"Speculators in largely unregulated futures markets are using any excuse, from bad weather in Mexico to a dip in U.S. oil supplies, to drive crude oil toward $100," said Judy Dugan, research director of FTCR and its OilWatchdog.org project. "The world is not short of oil at this moment, and observers as disparate as OPEC and the Wall Street Journal are acknowledging that speculation is largely to blame. The victims, as usual, are ordinary motorists and people using petroleum products to heat their homes as winter approaches."
FTCR supports a Senate bill, the Oil and Gas Traders Oversight Act by California Sen. Dianne Feinstein, that would add transparency and federal oversight to unregulated futures markets in energy. Gasoline prices, which dropped and stayed level for a few months after the all-time record prices of May, are being pushed upward by crude oil prices, but also by oil companies' push to regain refining margins that have dropped from nearly a dollar a gallon in the spring, said FTCR.

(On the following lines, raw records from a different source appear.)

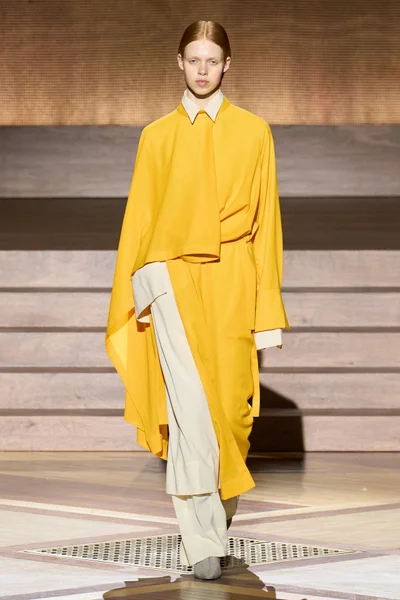 Look 18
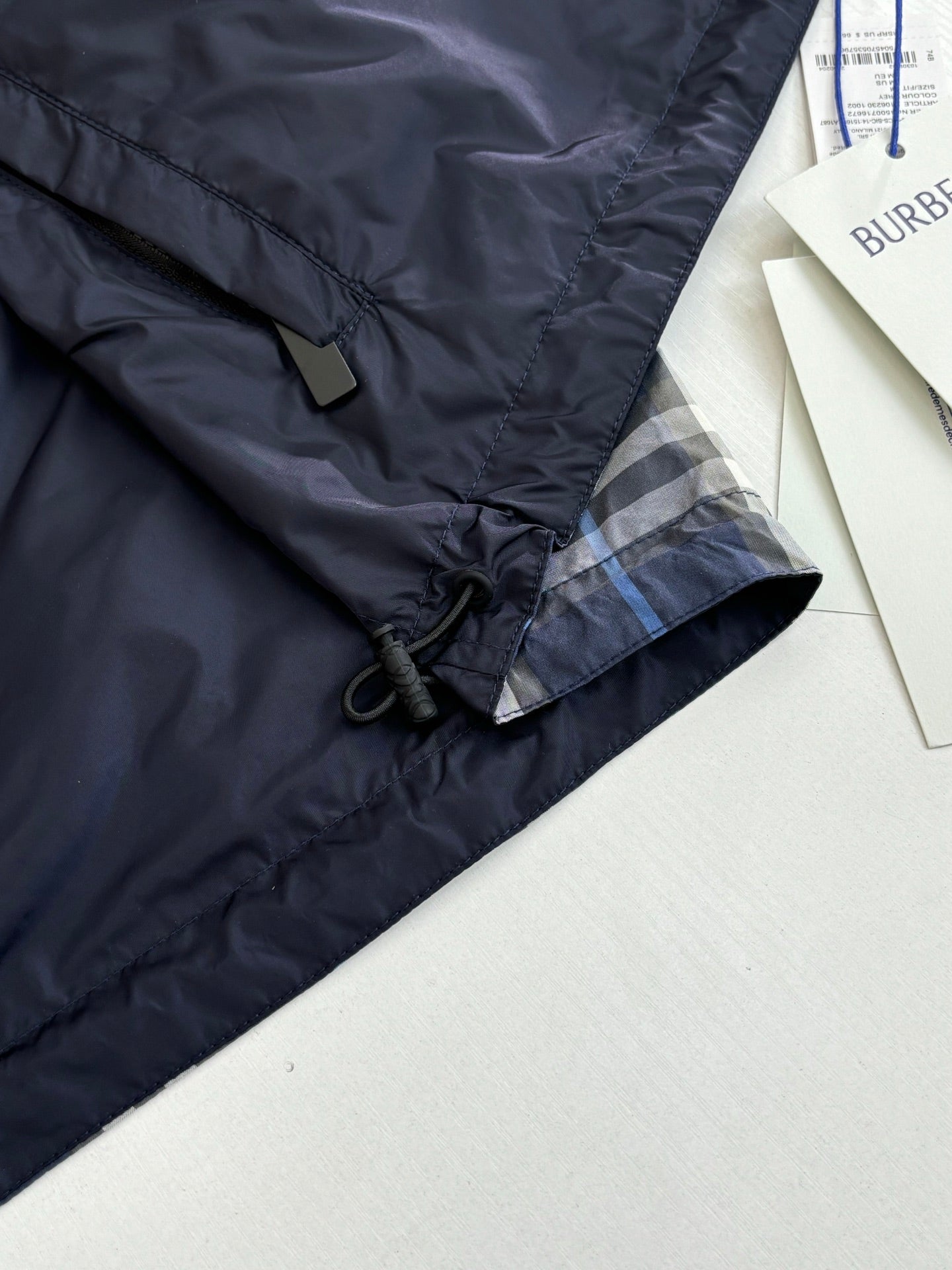 Burberry long jacket with drawstring hem and black snap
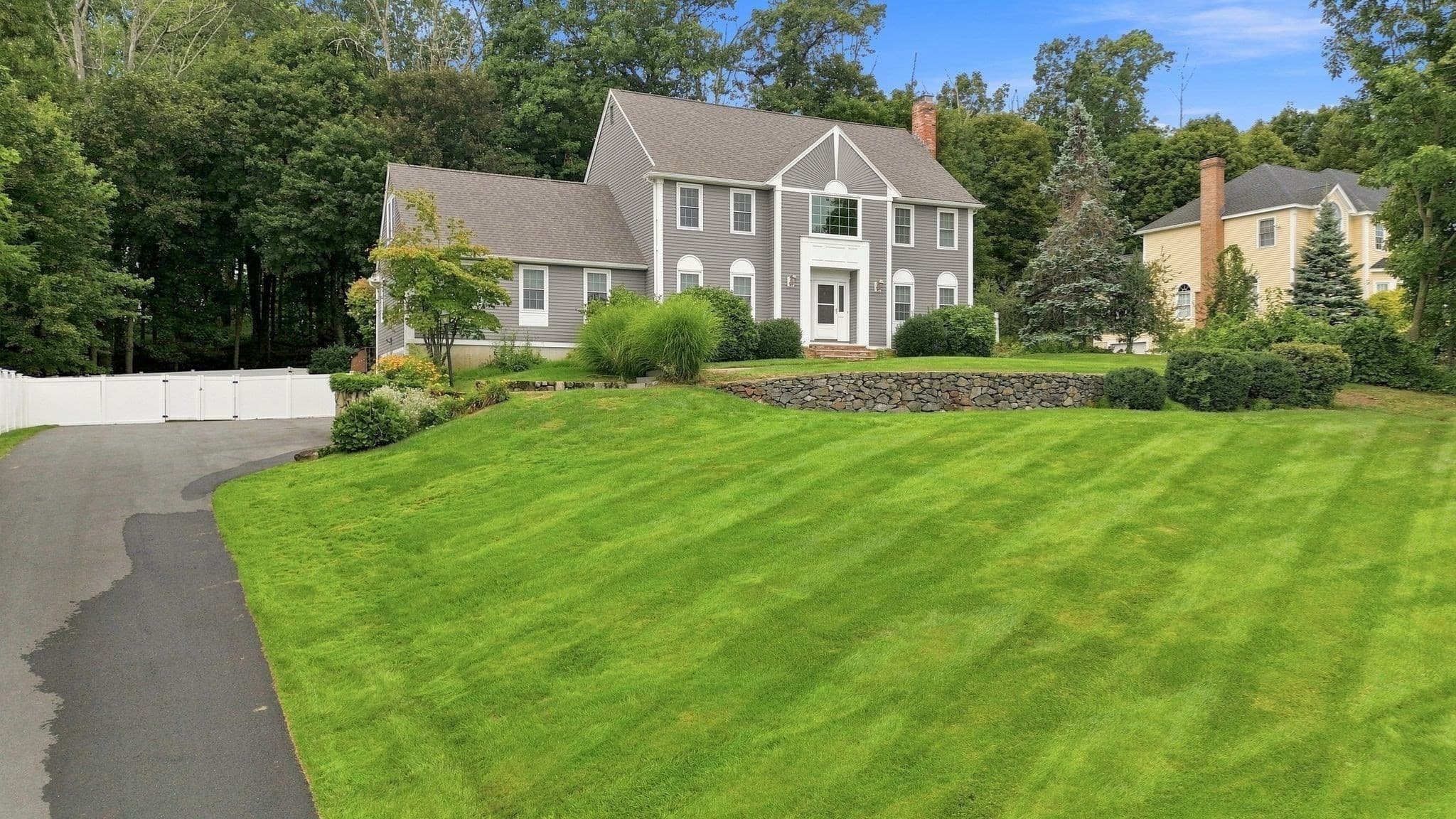 Single Family Residence at 29 Kara Dr, North Andover MA 01845, photo 2 of 42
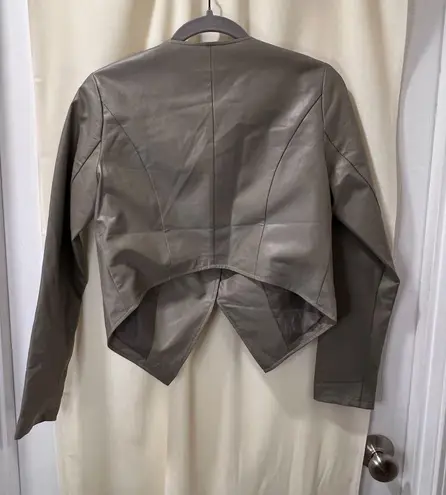 Stylish Gray Faux Leather Asymmetrical Cropped Moto Jacket with Zipper Detail Green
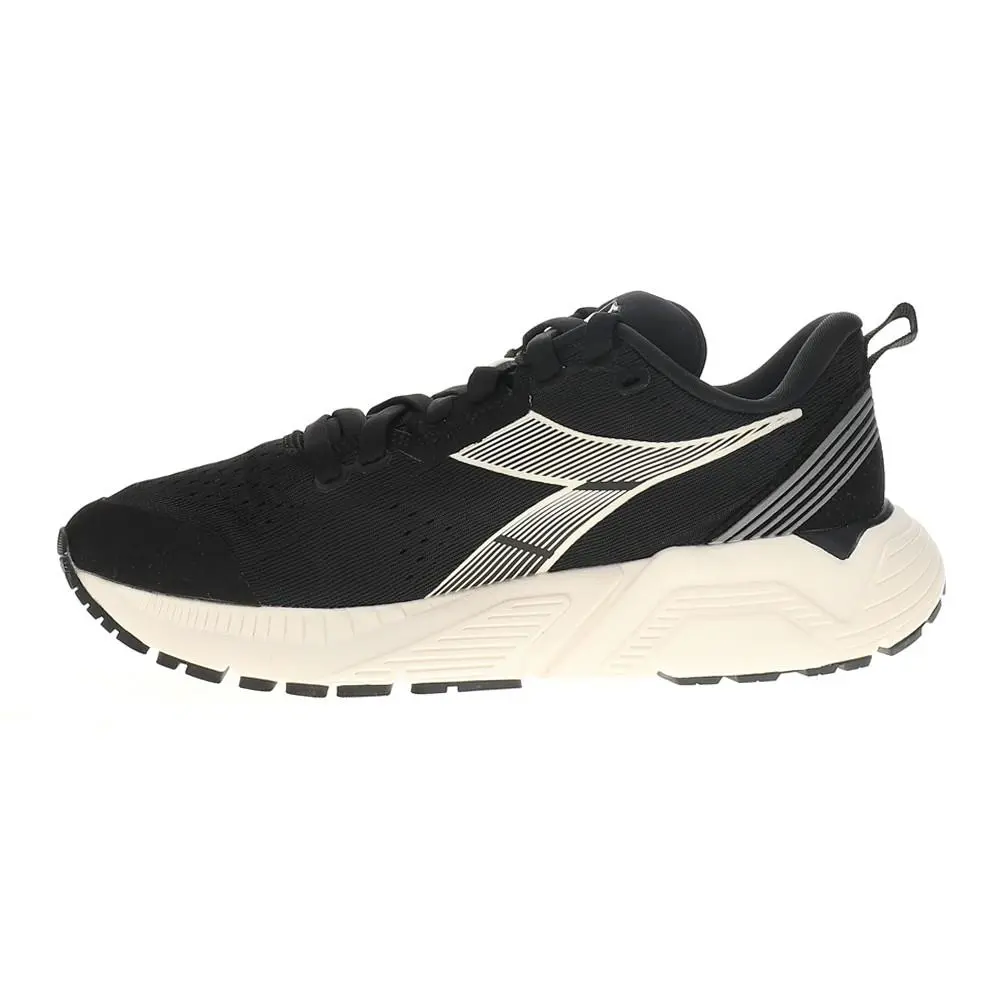 Diadora shoes - diadora Mythos Blushield Vigore 2 Running - 179072-C2609 - Black 1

"If oil companies seek a return to refining profit levels comparable to those of this spring, U.S. motorists will soon be looking $4.00 gasoline in the eye," said Dugan. "They can more than sustain their businesses on the less-than-record profits they are reporting in the latest quarter, and must not see the spike in oil prices as an excuse to resume inexcusably high refining profits."
FTCR noted that oil companies and their refiners do not pay the spot price for most of the crude oil they process into gasoline, diesel and heating oil. Some of it comes from the oil companies' own drilling operations, at far below the spot price. Some is also supplied through
long-term contracts that, in a time of rising prices, are set well below the spot price.